"Ich bin die schwester von Madame Schewitsch," mentioning the name of the foreign friend with whom I had been spending that afternoon: "Ich weisz das Sie Heute Nach mittag bei meiner schwester waren."[1]
[1] Translation: "I am the sister of Madame Schewitsch—I know that you spent this afternoon with my sister."
She had evidently a strong, almost overwhelming desire to make some communication to me for her sister, but the difficulty in doing so seemed equally strong.
It lay beyond the question of language. She spoke with sufficient strength, and I could understand perfectly her well-chosen and well-pronounced words. But some insuperable obstacle seemed to prevent her telling me what she wished to convey, and the despairing attempt to surmount this was painful in the extreme.
I assured her of my willingness to help in any way possible, and made a few suggestions, but all in vain.
"Is it that you are not happy?"
"No—no! That is not it."
It seemed to me some sort of warning which she wished to convey, and had some connection with illness, for the words achtung and krankheit (warning and illness) were repeated more than once, but no definite message came.

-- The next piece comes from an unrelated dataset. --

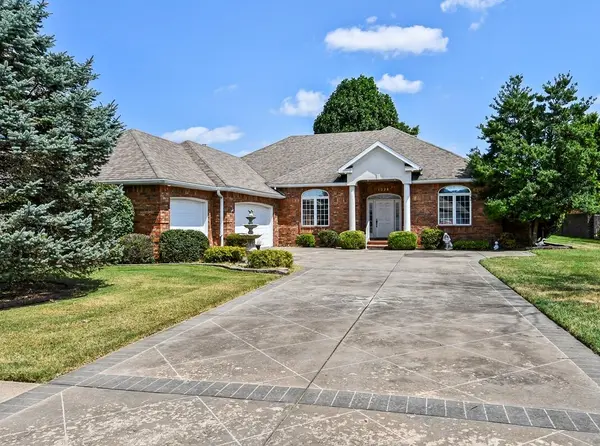 1228 N Yarberry CT, Springfield, MO 65802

I then asked if she could write it, and she caught eagerly at the idea. So I borrowed a pencil and some paper, and placed them on a small table in the middle of the room, with a chair in front of it. She came quite close to the table (five gas burners were more than half turned on, so there was plenty of light), sat down, and took up the pencil, but almost immediately threw it down again, saying in a most unhappy and despairing voice: "Nein! nein! Ich kann es selbst nicht schreiben!"[2] and vanished before my very eyes as she rose from the table. Now had this been a case of fraud, and supposing that some woman had means of discovering the name of my New York friend and the fact of my having spent that very afternoon with her, what would have been easier than to write or give some commonplace message in a language of which she had already proved herself mistress?
[2] Translation: "No! no! I cannot even write it!"